*** PROVIDED ENTRIES Section Begins ***

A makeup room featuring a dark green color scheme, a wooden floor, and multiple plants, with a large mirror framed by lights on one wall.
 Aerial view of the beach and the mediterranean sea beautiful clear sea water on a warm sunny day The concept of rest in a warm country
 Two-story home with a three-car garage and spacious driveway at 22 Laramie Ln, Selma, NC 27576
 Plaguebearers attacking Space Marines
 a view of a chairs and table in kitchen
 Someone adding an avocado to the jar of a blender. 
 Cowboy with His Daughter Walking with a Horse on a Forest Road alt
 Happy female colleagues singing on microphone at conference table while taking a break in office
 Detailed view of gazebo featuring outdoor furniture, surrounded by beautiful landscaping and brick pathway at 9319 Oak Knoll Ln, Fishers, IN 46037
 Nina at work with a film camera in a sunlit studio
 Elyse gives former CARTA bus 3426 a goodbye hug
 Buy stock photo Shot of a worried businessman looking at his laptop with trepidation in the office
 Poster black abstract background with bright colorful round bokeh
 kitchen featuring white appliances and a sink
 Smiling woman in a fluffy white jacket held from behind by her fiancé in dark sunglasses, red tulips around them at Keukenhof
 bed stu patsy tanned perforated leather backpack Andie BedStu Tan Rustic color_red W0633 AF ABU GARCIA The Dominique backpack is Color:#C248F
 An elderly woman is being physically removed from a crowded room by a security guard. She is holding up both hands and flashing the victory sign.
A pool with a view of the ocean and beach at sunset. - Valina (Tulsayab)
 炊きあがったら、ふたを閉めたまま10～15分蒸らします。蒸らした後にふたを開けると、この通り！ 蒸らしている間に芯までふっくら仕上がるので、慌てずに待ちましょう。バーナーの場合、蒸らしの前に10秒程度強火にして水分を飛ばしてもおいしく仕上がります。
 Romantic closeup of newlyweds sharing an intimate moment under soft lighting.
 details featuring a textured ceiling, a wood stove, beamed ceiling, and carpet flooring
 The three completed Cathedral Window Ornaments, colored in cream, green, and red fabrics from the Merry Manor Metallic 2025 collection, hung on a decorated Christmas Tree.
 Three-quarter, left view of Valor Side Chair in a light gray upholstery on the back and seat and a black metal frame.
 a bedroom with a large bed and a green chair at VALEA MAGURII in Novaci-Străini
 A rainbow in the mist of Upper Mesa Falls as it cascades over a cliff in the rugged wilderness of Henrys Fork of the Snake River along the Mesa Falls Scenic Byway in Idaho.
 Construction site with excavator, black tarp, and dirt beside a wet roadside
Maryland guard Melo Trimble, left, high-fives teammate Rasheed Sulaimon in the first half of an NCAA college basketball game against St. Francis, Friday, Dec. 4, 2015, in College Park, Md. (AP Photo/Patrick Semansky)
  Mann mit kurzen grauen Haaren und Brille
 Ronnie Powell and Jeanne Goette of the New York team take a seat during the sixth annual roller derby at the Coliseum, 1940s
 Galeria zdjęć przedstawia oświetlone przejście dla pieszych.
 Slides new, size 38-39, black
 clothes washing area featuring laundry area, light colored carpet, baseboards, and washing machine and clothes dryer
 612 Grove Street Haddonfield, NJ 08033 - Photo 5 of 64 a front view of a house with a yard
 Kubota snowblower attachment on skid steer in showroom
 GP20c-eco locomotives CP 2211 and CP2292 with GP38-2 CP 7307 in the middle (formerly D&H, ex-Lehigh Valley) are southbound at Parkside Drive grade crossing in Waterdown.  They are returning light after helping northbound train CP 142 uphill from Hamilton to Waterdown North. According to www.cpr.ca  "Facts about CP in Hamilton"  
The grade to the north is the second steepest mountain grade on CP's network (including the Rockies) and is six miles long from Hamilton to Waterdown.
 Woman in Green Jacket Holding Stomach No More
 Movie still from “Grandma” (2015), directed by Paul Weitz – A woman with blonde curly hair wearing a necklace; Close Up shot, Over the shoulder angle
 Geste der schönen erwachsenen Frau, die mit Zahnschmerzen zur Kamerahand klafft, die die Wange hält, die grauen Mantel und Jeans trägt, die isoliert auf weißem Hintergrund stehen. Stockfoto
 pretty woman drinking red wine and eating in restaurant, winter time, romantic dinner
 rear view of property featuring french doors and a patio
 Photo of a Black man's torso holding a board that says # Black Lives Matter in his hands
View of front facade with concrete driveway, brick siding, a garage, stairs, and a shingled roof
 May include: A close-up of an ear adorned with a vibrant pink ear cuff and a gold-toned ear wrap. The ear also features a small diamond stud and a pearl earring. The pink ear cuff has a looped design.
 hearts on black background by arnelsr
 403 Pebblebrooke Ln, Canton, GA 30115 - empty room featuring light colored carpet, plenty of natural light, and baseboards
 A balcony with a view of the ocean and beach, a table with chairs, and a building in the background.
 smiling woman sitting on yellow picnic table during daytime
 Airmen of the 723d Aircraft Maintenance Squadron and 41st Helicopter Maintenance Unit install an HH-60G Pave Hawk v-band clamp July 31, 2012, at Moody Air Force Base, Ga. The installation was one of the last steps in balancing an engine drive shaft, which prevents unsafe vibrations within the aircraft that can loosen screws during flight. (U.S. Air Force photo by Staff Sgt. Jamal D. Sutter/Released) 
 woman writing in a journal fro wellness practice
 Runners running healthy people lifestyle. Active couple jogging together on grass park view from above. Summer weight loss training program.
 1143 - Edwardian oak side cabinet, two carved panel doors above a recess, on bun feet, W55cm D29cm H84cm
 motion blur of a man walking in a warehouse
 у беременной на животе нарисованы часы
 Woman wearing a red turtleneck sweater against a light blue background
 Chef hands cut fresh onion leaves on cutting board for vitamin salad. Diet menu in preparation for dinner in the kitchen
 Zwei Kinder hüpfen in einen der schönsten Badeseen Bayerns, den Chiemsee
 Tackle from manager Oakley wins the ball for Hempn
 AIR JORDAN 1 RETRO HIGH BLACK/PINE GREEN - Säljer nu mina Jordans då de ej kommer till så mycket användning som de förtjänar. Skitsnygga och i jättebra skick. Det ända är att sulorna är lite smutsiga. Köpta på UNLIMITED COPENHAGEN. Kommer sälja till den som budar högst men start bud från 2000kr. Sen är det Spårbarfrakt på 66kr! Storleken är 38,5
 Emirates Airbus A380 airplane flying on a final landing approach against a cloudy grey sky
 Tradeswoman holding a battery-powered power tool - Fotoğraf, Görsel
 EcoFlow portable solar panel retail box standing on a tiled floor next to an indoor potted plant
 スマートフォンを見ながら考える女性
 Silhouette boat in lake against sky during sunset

*** PROVIDED ENTRIES Section Ends ***

WHAT THIS TASK INVOLVES: Only the lines from the one containing "Tradeswoman holding a" through the last line of the material should be returned, each one exactly as written.

RESULT BELOW:
 Tradeswoman holding a battery-powered power tool - Fotoğraf, Görsel
 EcoFlow portable solar panel retail box standing on a tiled floor next to an indoor potted plant
 スマートフォンを見ながら考える女性
 Silhouette boat in lake against sky during sunset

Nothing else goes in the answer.